September 9th, 2019 · Anxiety, autumn anxiety

autumn anxiety

Autumn anxiety is very common. As we know, the autumn season often involves major life transitions.

Young people go back to school or post-secondary education, fall activities re-commence, and the days grow shorter, while we feel the approach of winter. All of these things can make autumn anxiety a profound reality. As Westchester Medical Center psychiatist Stephen Ferrando this can be an agitated and anxious depressive state.
There are very specific things that individuals can do for such anxiety. For instance, children or young adults experiencing anxiety around return to classes can learn various breathing and relaxation techniques, which can be tremendously helpful. If the shortening days trigger depression/anxiety, often there can be great benefit from properly using tools like light boxes, which expose the individual to very bright light for specific daily periods.
Yet, beyond these types of experience, adults may experience other kinds of autumn anxiety, which are very specific to the adult journey.

Passing Time, and the Unlived Life

With shortening days, the sun lower in the sky and falling temperatures, autumn reminds us powerfully of the approach of winter. It can be a very powerful symbol of the passage of time in the individual’s life, and it can lead us to ask some very searching questions.

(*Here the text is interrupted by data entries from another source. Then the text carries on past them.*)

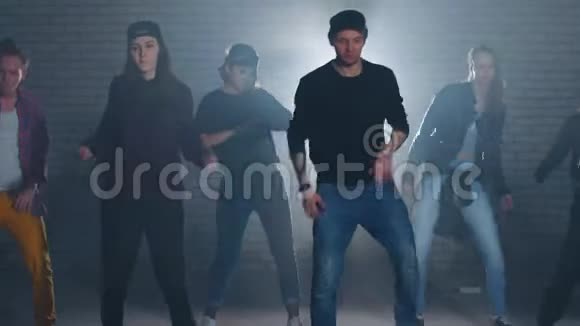 六个白人说唱歌手在街头舞蹈的夜间比赛中表演视频的预览图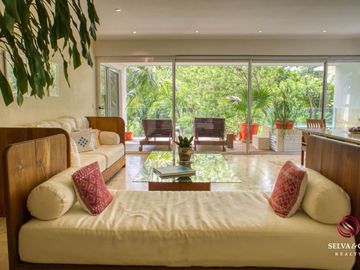 Departamento con plunge pool, terraza vista verde, venta Ikal Living Playacar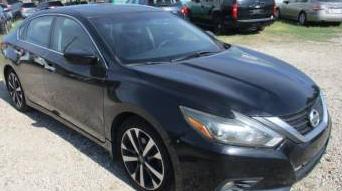 NISSAN ALTIMA 2017 1N4AL3AP5HC156110 image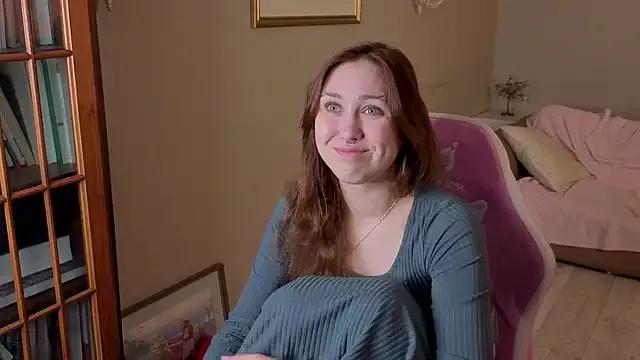 JoanDowey from StripChat is Freechat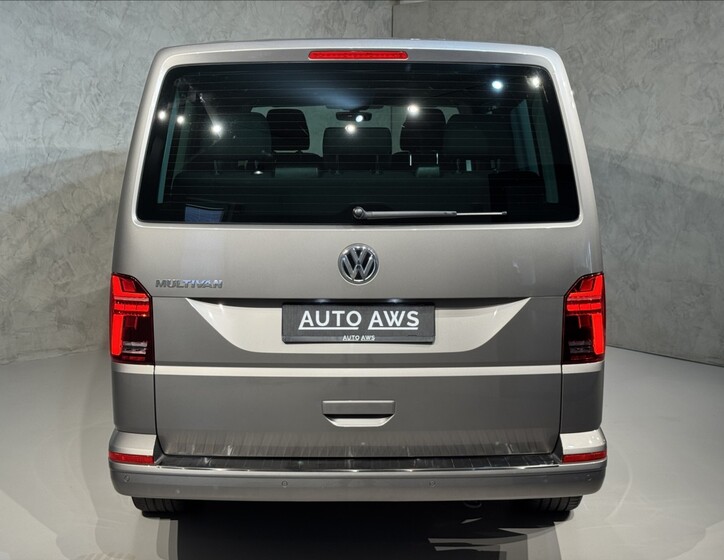 Volkswagen Multivan 10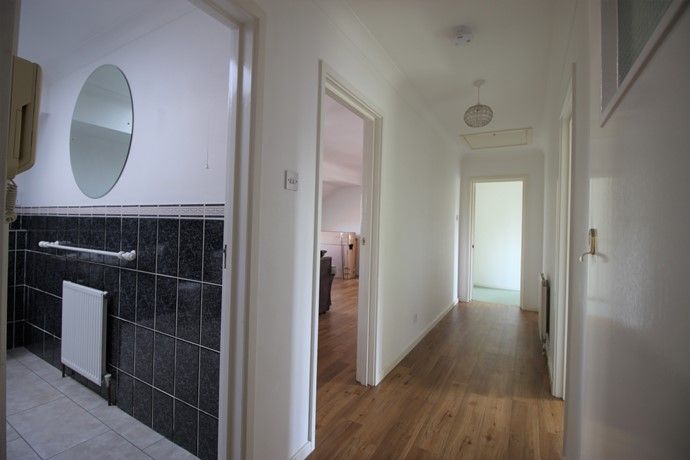 Property photo 2 of 15 Entrance Hall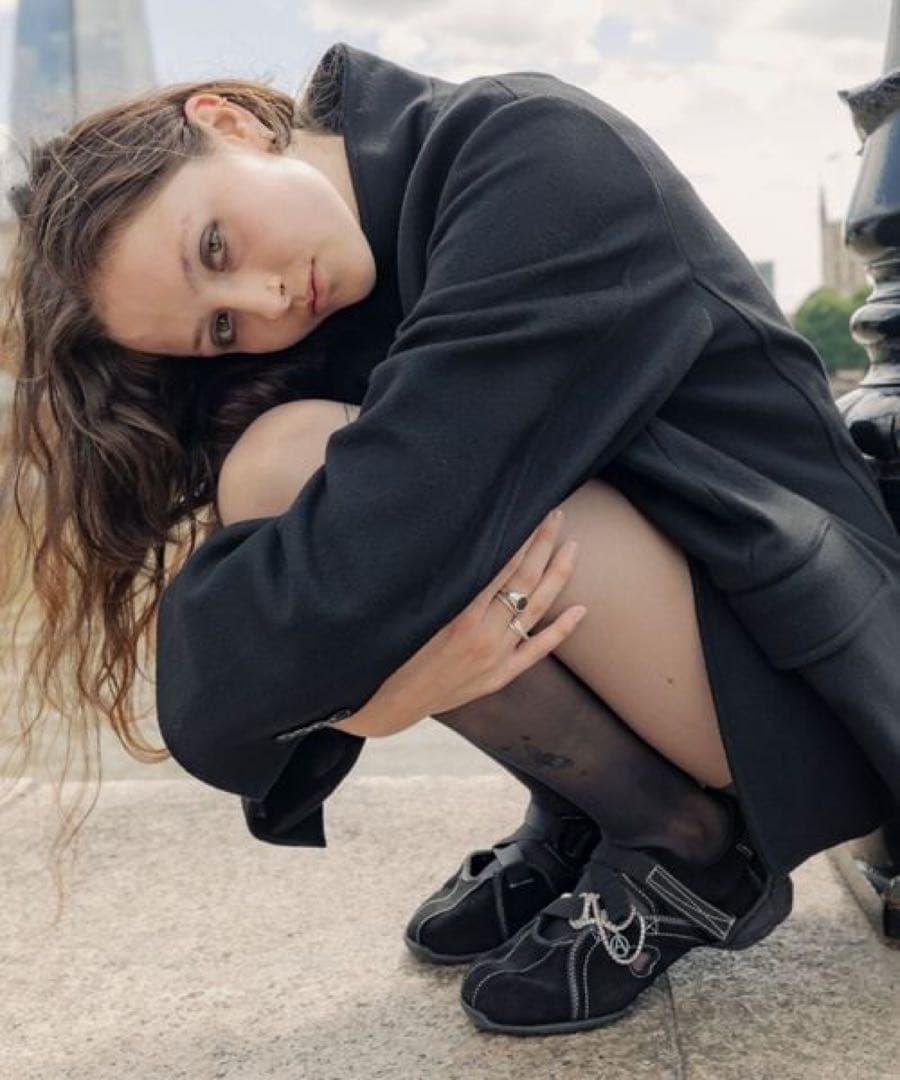 Foundry Mews スウェードシューズ チャーム付き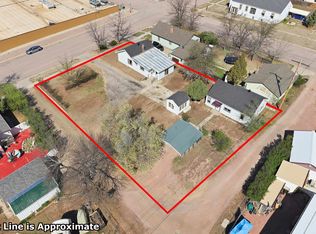 505 S 5th St, Hot Springs, SD 57747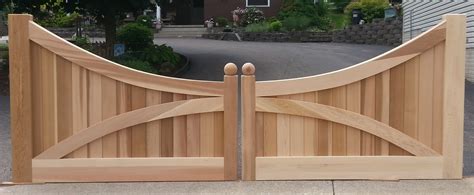 Custom Driveway Gates Made Out Of Western Red Cedar Wooden Gates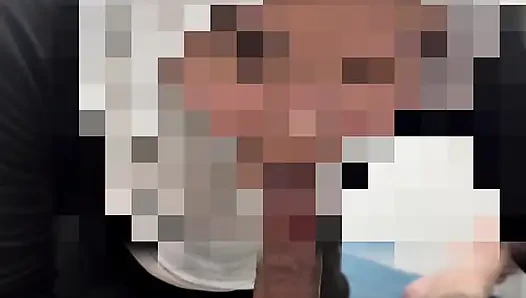 Kapşonlu Malezyalı kız boşalmaya kadar insanların sikini emiyor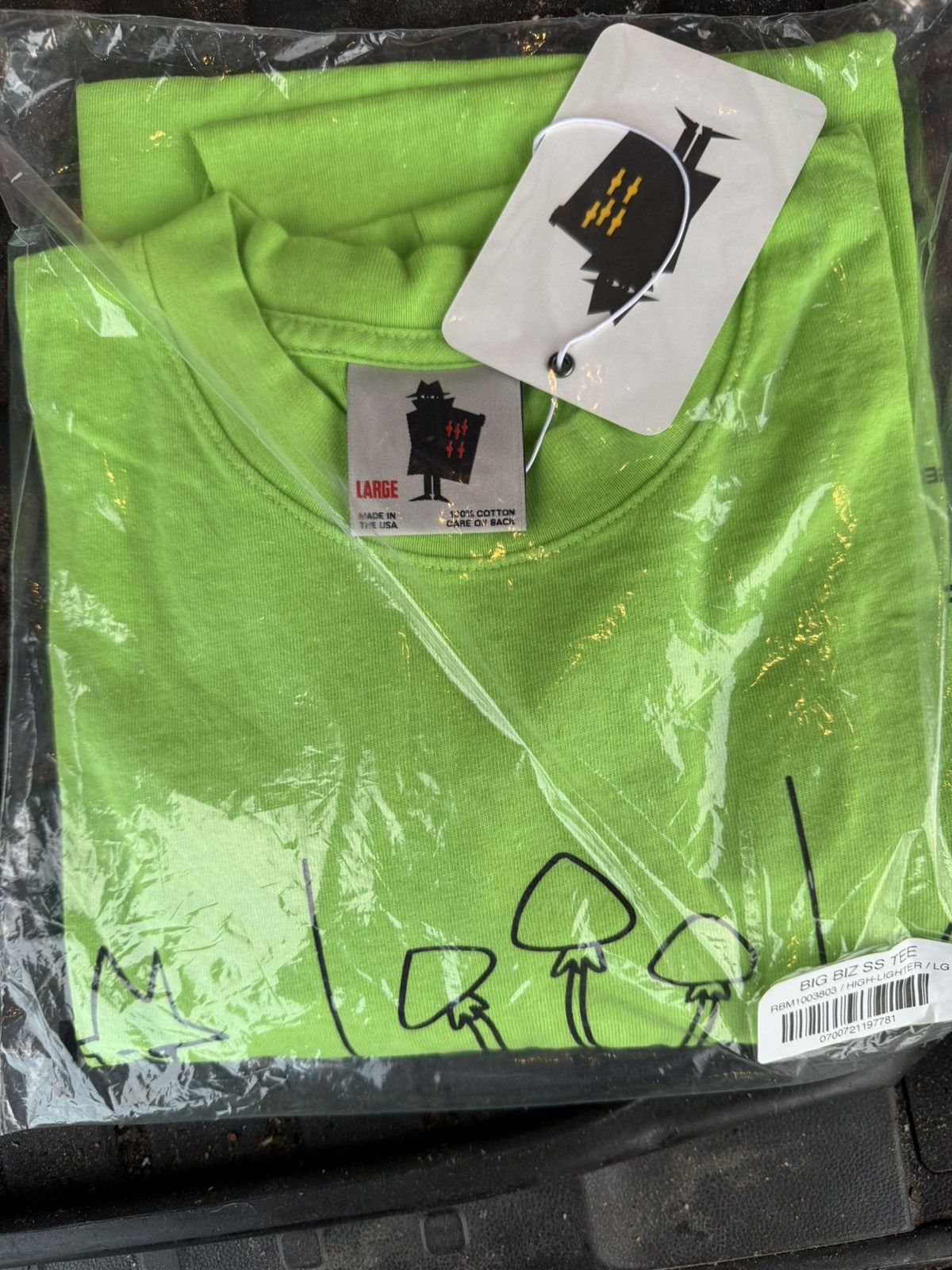 Real Bad Man Real Bad Man “Big Biz” s/s tee tshirt Large yellow/white NEW Size US L / EU 52-54 / 3 - 2 Thumbnail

The whole autumn season gives us the message that we should be getting ready, making preparations, doing more. Sometimes that can resonate with a powerful feeling that I’ve somehow missed out on my life or that I’m somehow not on the right track. These can be intensely disturbing, extremely anxiety provoking feelings.

We may need to really focus in our lives and identify where such feelings come from. We may also need to grieve lost opportunities, but also seek for ways in which the deepest yearnings within us can find some way to come to life, and to be made realities in our present lives.

Ignoring Our Inner Voices

We can keep trying what we’ve already been doing, and hope for a different, better outcome. Yet it’s likely that ignoring the pressing questions that life asks us about our success, our failure, our dreams and aspirations and about getting older, will just make the questions get louder.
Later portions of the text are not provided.